Shopping should be a pleasant experience. Ideally, your customers should leave with a satisfied and memorable feeling. But sometimes the shopping experience doesn’t measure up. One solution to this dilemma is to enhance your customer’s “exit experience”.
We know what a bad exit experience feels like:
• Long checkout lines; understaffed cashier counters
• Checkout stands cluttered with junk food and magazines
• Clerks who grunt and can’t speak in full sentences or impersonal, mechanical, disingenuous greetings
• Items that do not scan or scan at the incorrect price
The foundation of a pleasant, memorable exit experience is based on human interaction.
What makes for great exits?
• Match the experience to who you are as a retailer (low-price vs. specialty)
• Define the clerk’s role and let them improvise within that role
• Hire people adept at the art of conversation and who know how to connect with customers.
The role of the exit experience.
Many conventional retailers focus on generating impulse sales in candy and gum. But why stop there. Think of a shopper’s exit as an opportunity to elevate your store’s brand, product and reputation. It’s a golden opportunity to create a consumer connection and a favourable memory. If you think of
a customer’s exit as a transition “back outside” or back to the real world you can send your customers off with a clear and positive experience and you’ll probably see them again.
“Destination shopping” is different. Destination shopping requires a customer to drive up to 45 minutes. Niche retailers have a unique theme and product base which attracts shoppers from kilometres away. Unique food stores like the Garden Basket or the Village Grocer are a good example. They have transformed their aisles into a sensual journey through food and specialty items.
They have cashiers who love food, who understand exactly why shoppers are there and who revel in sharing their own experiences with food or recipes. Their staffs care about a shopper’s experience. Shoppers leave feeling affirmed, appreciated and connected and most will return.
Even big box discounters have figured out their best exit experience. It’s just a little different. Costco, for example, figured out their own unique exit experience by getting rid of anything that would distract shoppers or slow down the checkout process. Costco knows that, despite all the wandering and searching, they aren’t selling things that require much explanation. And they know that no one sees them as experts in any of the products they sell. So, they focus on getting shoppers efficiently out the door. They remove point-of-purchase merchandise that wastes space. They use large carts, lightning fast clerks to grab items and scan them with “guns”, and refuse to take personal cheques. They focus on one simple goal: moving large amounts of goods through the registers as fast as humanly possible.

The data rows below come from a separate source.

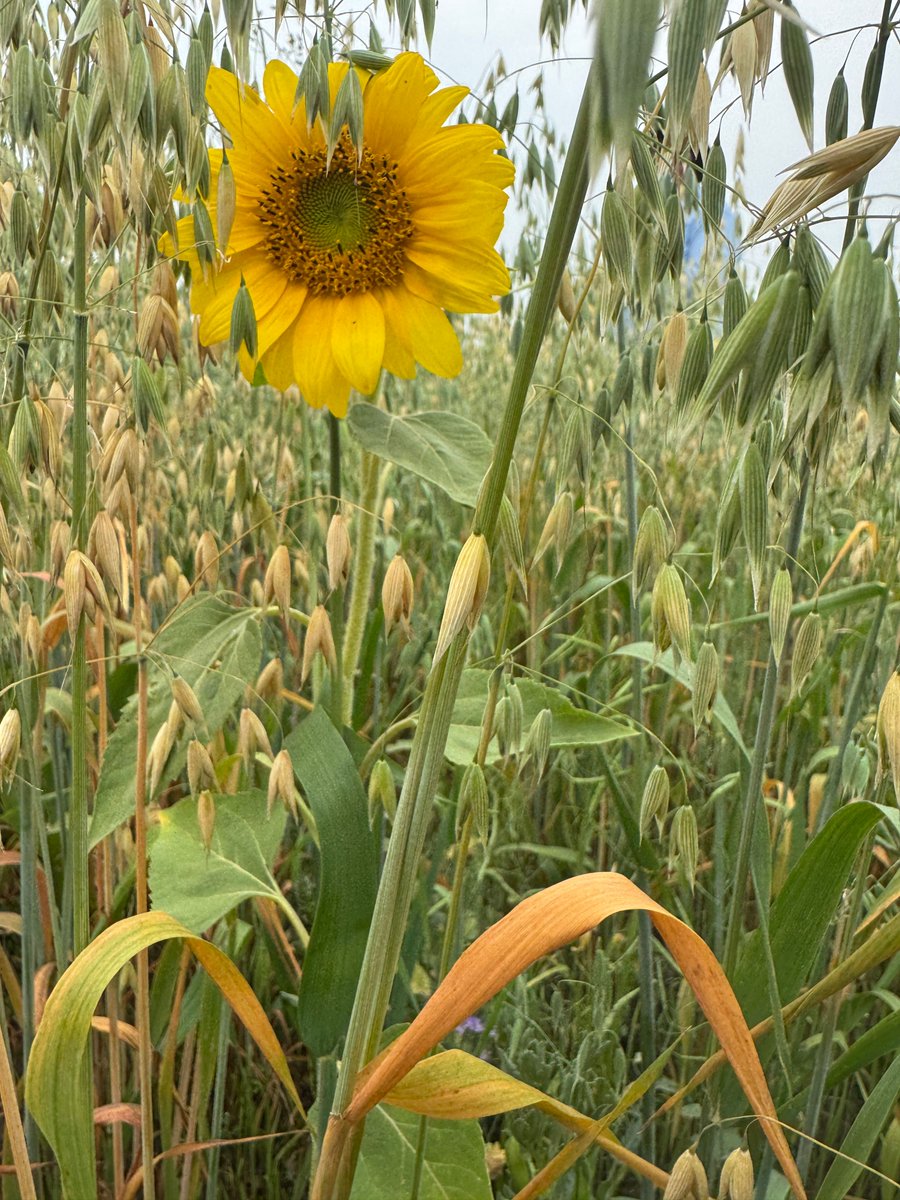 Collective Impact tweet media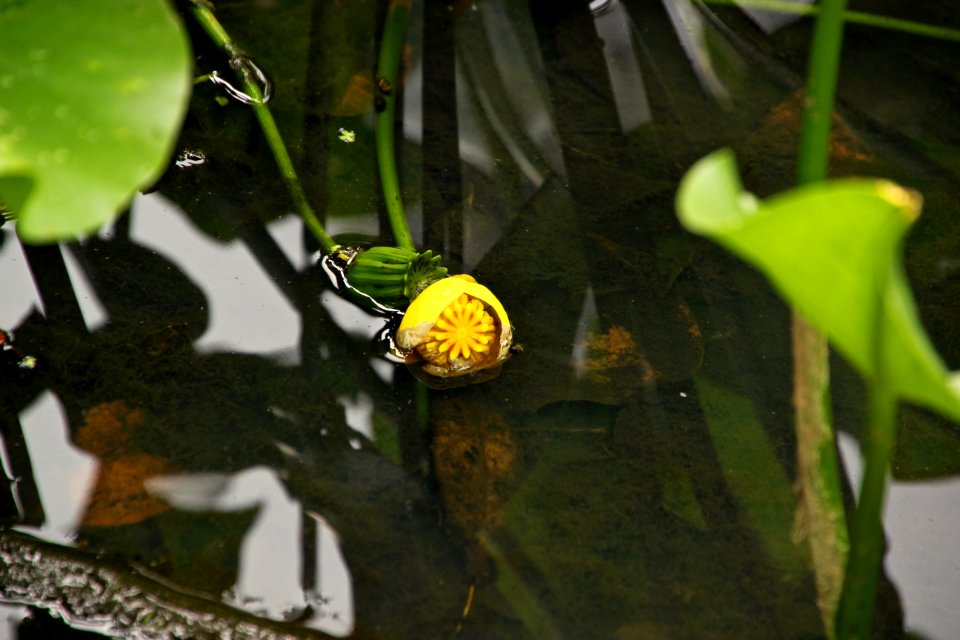 Kenilworth Aquatic Gardens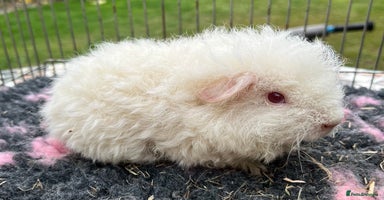Guinea Pig rodents - Advert 1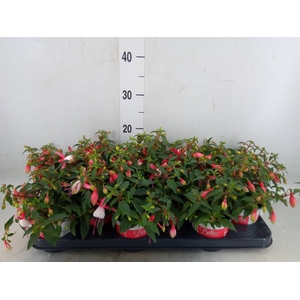 Fuchsia  'Bella Fuchsia Hilda'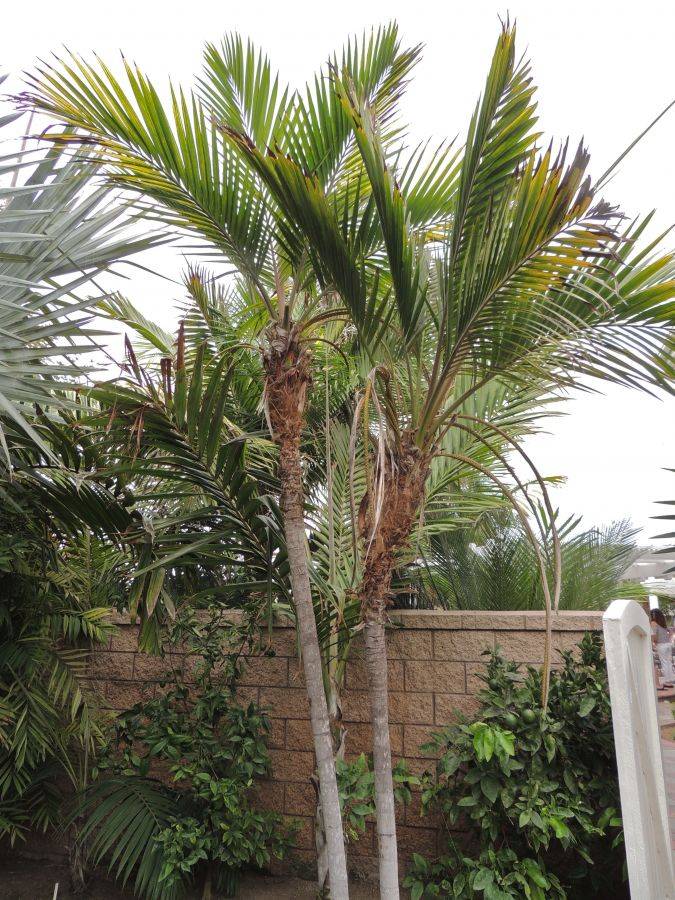 Atherton Palm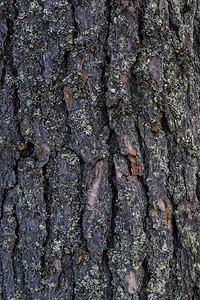 老松树干的树皮质地和背景图片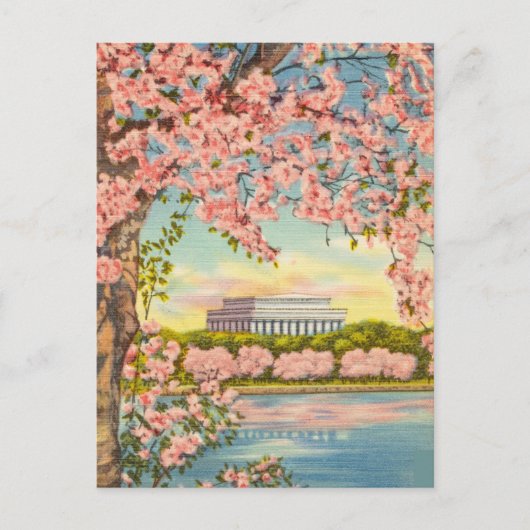 Cherry Blossom in Washington DC. Briefkaart (Voorkant)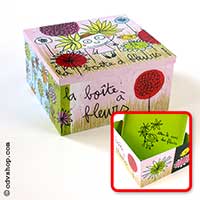 Boite 100Drine New - Grande - A Fleurs
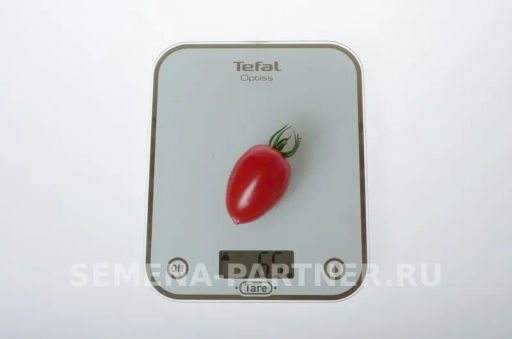 Томат Фифа - Партнер фото 3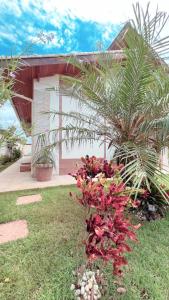 a house with a palm tree in the yard at Casa Santo Sossego in Peruíbe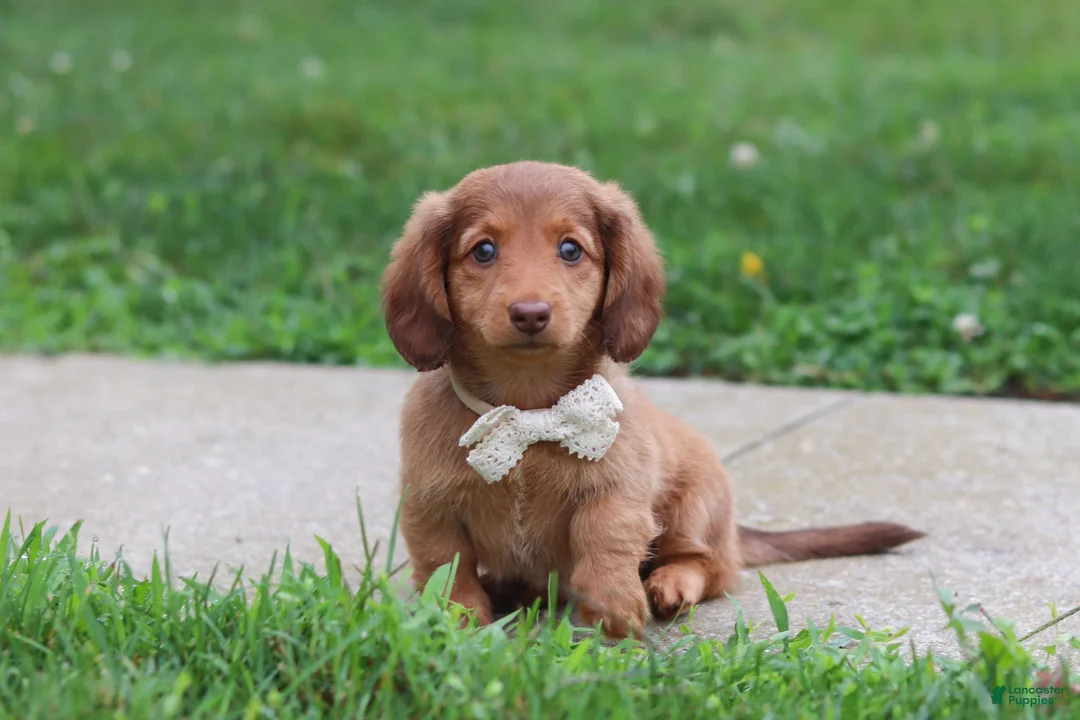 Miniature Dachshund dogs for sale: Grace - Ad 2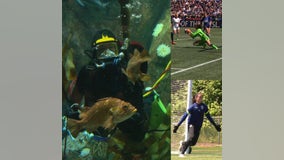 OL Reign's Goalie finds passion both on the field, and underwater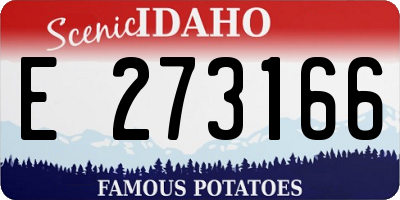 ID license plate E273166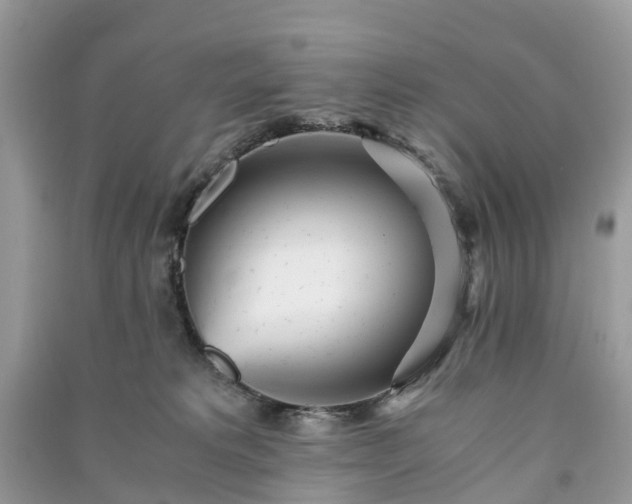 X0000090990229200708091525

Retailers often view cashiers as a mere “labour cost” and not as a critical marketing mechanism. Checkouts should be an important process in marketing.
Think about what impression you’d like to give. If you want to be seen as a low price leader, then clean, fast exits focusing on efficiency and politeness may be most important. If you want to be seen as a specialty store, then inspiring cashiers to display their product knowledge will help sustain and retain credibility and authenticity as a valued retailer.
Human interaction is critical to creating an exit experience that builds positive buzz and prevents negative gossip. It doesn’t mean that cashiers need Ph.D.s or be world travelers. They need to be improvisational performers. They need to show some personality preferably matched to your products. The trick is to have cashiers adept at the art of conversation, who can figure out how to connect with shoppers.
A satisfied and happy customer will have positive and memorable things to say about your store and will definitely return to shop again.